# [EXERCISE DESCRIPTION]
Return the data. Every word must match.

# [INPUT DATA]

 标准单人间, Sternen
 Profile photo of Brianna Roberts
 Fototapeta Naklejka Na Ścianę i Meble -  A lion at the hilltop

# [SOLUTION]
 标准单人间, Sternen
 Profile photo of Brianna Roberts
 Fototapeta Naklejka Na Ścianę i Meble -  A lion at the hilltop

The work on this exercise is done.